Messi vivió con Maradona, lo conoció, lo admiró en persona. Diego lo llenó de elogios, lo motivó, lo puso bajo su ala, le enseñó todo lo que pudo. Como siempre, no se guardó nada. Messi valora todo aquello, pero su Diego es otro. Es el del resto del pueblo argentino. Mucho más íntimo, totalmente futbolero. Lejano a la burocracia del trabajo, del día a día de la adultez.
Este domingo, el día de su primer partido tras aquel llanto silencioso, quiso hacer un gol. Pero no uno más. Un golazo acorde. Lo imaginó todo el día y en el segundo tiempo lo consumó. Entonces, después de los abrazos de rutina con sus compañeros, tiró al piso la camiseta de Barcelona, la indumentaria formal del hombre maduro, y, con la misma piel de su héroe particular, saludó al cielo.
Lionel Messi nunca estuvo tan cerca del pueblo argentino como en ese instante. Ese futbolista maravilloso pero a la vez frío, robótico, fue uno más de los cientos de miles que salieron a la calle, de los millones que, como él, lloraron en silencio. Su tributo tiene tantos significados como significantes. Hacer el gol que hizo no es lo mismo que uno de penal o de rebote; usar esa camiseta, vieja, quizás ilegítima, lo hace aún más auténtico; que haya jugado los 90 minutos con ella le pone sudor futbolero al gesto; ignorar las publicidades y las obligaciones del mercantilizado fútbol de hoy le da el espíritu rebelde de los representantes populares; y lo más importante: al Diego le habría encantado.

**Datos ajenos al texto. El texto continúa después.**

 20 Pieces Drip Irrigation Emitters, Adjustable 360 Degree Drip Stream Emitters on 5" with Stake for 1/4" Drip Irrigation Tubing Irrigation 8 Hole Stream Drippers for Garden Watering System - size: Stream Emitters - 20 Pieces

El guiño del actual capitán del seleccionado emociona pero también, de algún modo, genera esperanza. Estas lágrimas tienen otro sabor. Ya no son solo de tristeza y melancolía, sino de agradecimiento. El legado de Maradona se puede tocar. Es capaz de humanizar como nunca antes al ídolo de hoy. Diferente, pero capaz de interpretarlo y seguir su estela. Un ídolo que se dejó iluminar con su luz. No es poco homenaje.